The founder of pro-Khalistan Sikhs for Justice — which advocates for a Sikh nation known as Khalistan to be carved out of India’s Punjab state — said resolved to continue his work for “independence of Punjab from the Indian occupation”. He spoke to Bloomberg ahead of Khalistan Referendum voting in Auckland New Zealand on 17 November.
The New York-based attorney said: “India’s attempts to kill me will not stop me from continuing Khalistan Referendum voting till either India will kill me or I will see the independence.”
Bloomberg has said that Pannun’s murder plot case first disrupted US-India ties late last year when the US Justice Department unsealed a superseding indictment in the Southern District of New York alleging that Nikhil Gupta, an Indian national working for Indian intelligence RAW, was recruited by an Indian government employee working for RAW — known as “CC-1” — to have Pannun killed as part of a broader plan to assassinate overseas activists.
At the time, Pannun’s group was organising unofficial Khalistan referendums among Indian diaspora communities.
Months earlier in Canada, a Sikh separatist called Hardeep Singh Nijjar — a long-time associate of Pannun — was killed in a shooting that Canadian Prime Minister Justin Trudeau blamed on India.
But the US assassination plot on Pannun was foiled, according to the indictment, when an Indian national, operating under the Indian agent’s direction, inadvertently hired an undercover US agent posing as a potential hit-man.
The publication said the case has been embarrassing for the Biden administration, which has continued to court Modi in an effort to counterbalance China.
“The question that this episode raises is whether we really are on the same page with this Indian government, and the extent to which an inclination to want to achieve a broader strategic end is maybe leading us to overlook the actually very transactional nature of the relationship,” said Daniel Markey, a former State Department official who’s now at the US Institute of Peace.
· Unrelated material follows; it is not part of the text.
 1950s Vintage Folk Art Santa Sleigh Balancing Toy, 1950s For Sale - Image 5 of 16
Pannun, who worked at a Wall Street bank before turning to human rights law, now has five security guards to protect him and search the bags of even his close friends and associates, said the publication.
“I can continue to fight for the liberation of Punjab only if I stay alive,” he noted adding: “You are doing a peaceful and democratic referendum, you are sitting at a place — and India has the resources and the proxies and the weapons and the money to kill you. You have to make sure that you survive and you continue the campaign.”
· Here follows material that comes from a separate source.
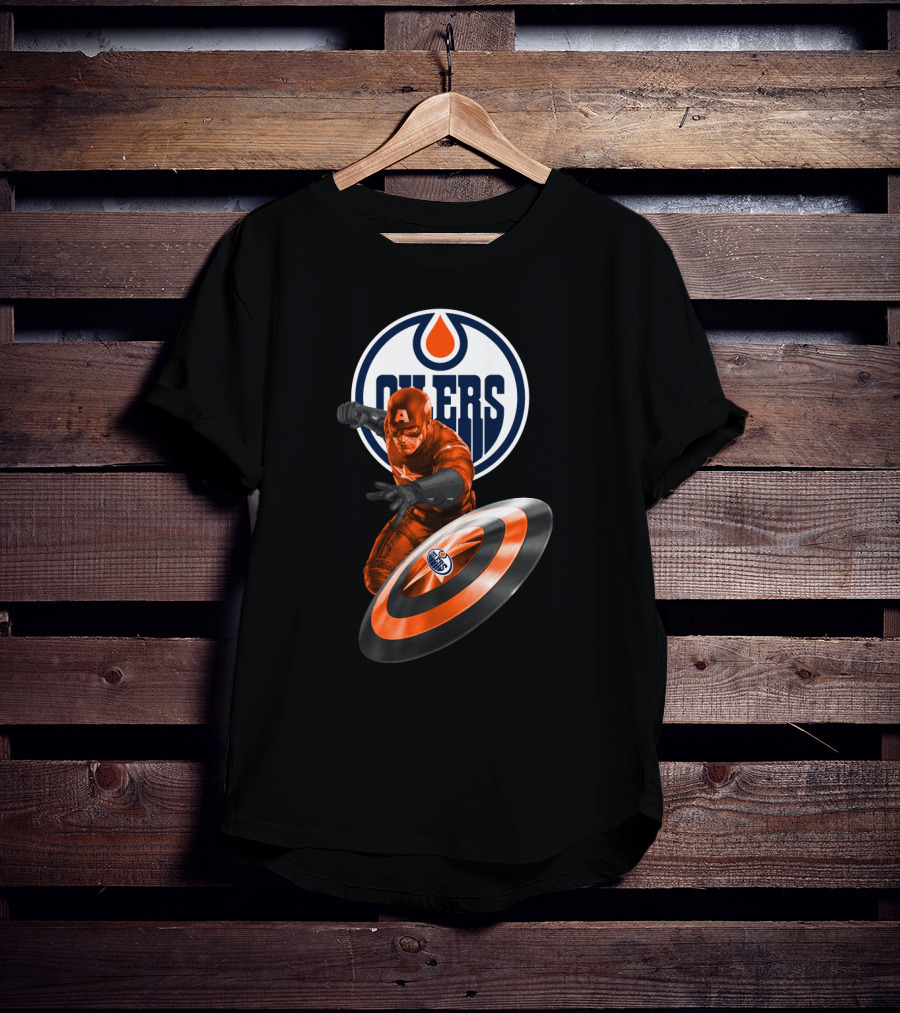 Edmonton Oilers Captain America Crossover With Shield Logo And Dynamic Pose T-Shirt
In a recent twist, Pannun filed a civil case in the US seeking restitution against senior Indian officials he alleges are responsible for the assassination attempt. Those allegations are “unsubstantiated” and “unwarranted,” Misri, the foreign secretary, said.
In Canada, which saw India expel dozens of diplomats after Trudeau accused India, the government is holding firm on its accusation that India was behind the killing of Nijjar.
“That’s the ultimate breach of our country’s sovereignty,” Foreign Minister Melanie Joly told Bloomberg in an interview on September 30 and further said: “That can’t happen again.”
Pannun, who was born in Amritsar, India, came to the US as a student. He made the new allegations that his life was still at risk after Sikh separatists in California had their truck “sprayed with bullets,” claimed his group.
The publication said that the new attack is reviving concerns among US lawmakers after the original assassination plot prompted some Democratic senators to call on Secretary of State Antony Blinken to mount a strong diplomatic response “no matter the perpetrator.”
Senator Jeff Merkley, an Oregon Democrat, said it was crucial to investigate the California incident and to “send a strong message deterring potential future efforts to undermine the values of free speech and protest that we as a nation hold dear.”
Senior Biden administration officials, including White House National Security Adviser Jake Sullivan, have raised Pannun’s case with Modi’s government. Sullivan said in July that the issue “is sensitive, it is something we are working through,” but that the US effort “has been effective, in my view, mostly because it is taking place behind closed doors”.
Pannun, however, says that “quiet diplomacy” hasn’t worked “in the last 15 months’ and that “it will not work in the next three years”. He also the Biden administration was handling his case differently because of its desire to have a strategic relationship with New Delhi.
“Had it been Iran, had it been China, had it been Russia — would the administration’s response be the same?” he asked.